### RECORD EXTRACTS:

- Opening Delimiter -

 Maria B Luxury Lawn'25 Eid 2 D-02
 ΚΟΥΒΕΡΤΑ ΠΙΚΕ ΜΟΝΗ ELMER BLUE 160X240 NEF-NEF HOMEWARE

- Closing Delimiter -
- Opening Delimiter -

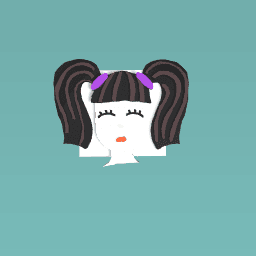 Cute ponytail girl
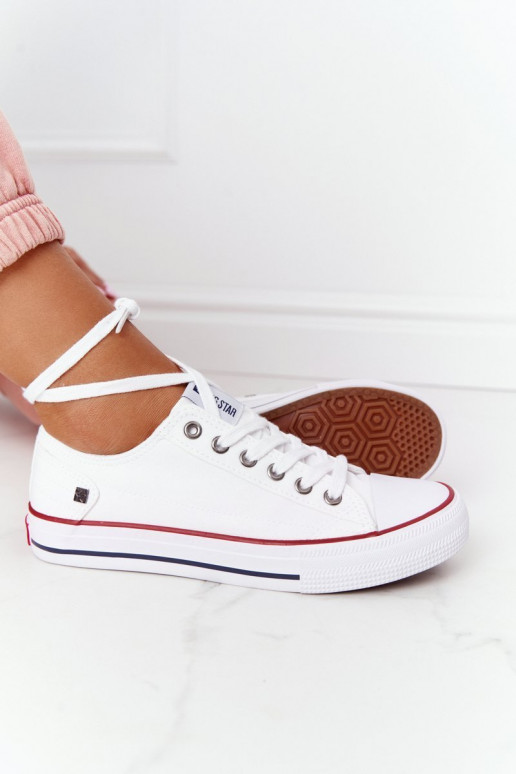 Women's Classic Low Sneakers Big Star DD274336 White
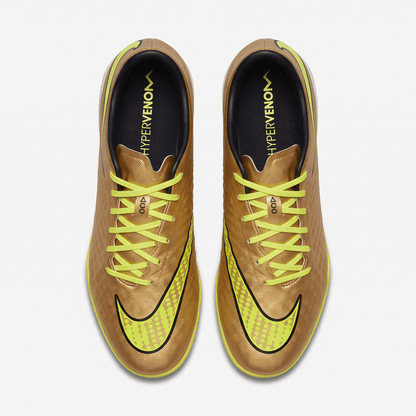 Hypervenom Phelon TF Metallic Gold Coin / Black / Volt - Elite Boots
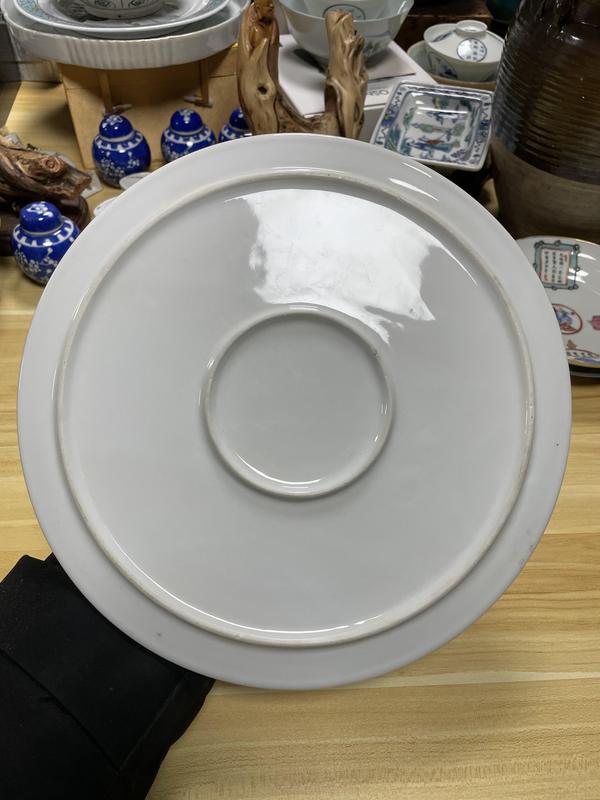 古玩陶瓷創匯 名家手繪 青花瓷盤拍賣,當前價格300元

- Closing Delimiter -

### TO DO:
Reproduce the listing above exactly from the line containing "Hypervenom Phelon TF" up to and including the line containing "古玩陶瓷創匯 名家手繪 青花瓷盤拍賣,當前價格300元", omitting any images and everything outside those lines.

### ANSWER BELOW:
 Hypervenom Phelon TF Metallic Gold Coin / Black / Volt - Elite Boots
 古玩陶瓷創匯 名家手繪 青花瓷盤拍賣,當前價格300元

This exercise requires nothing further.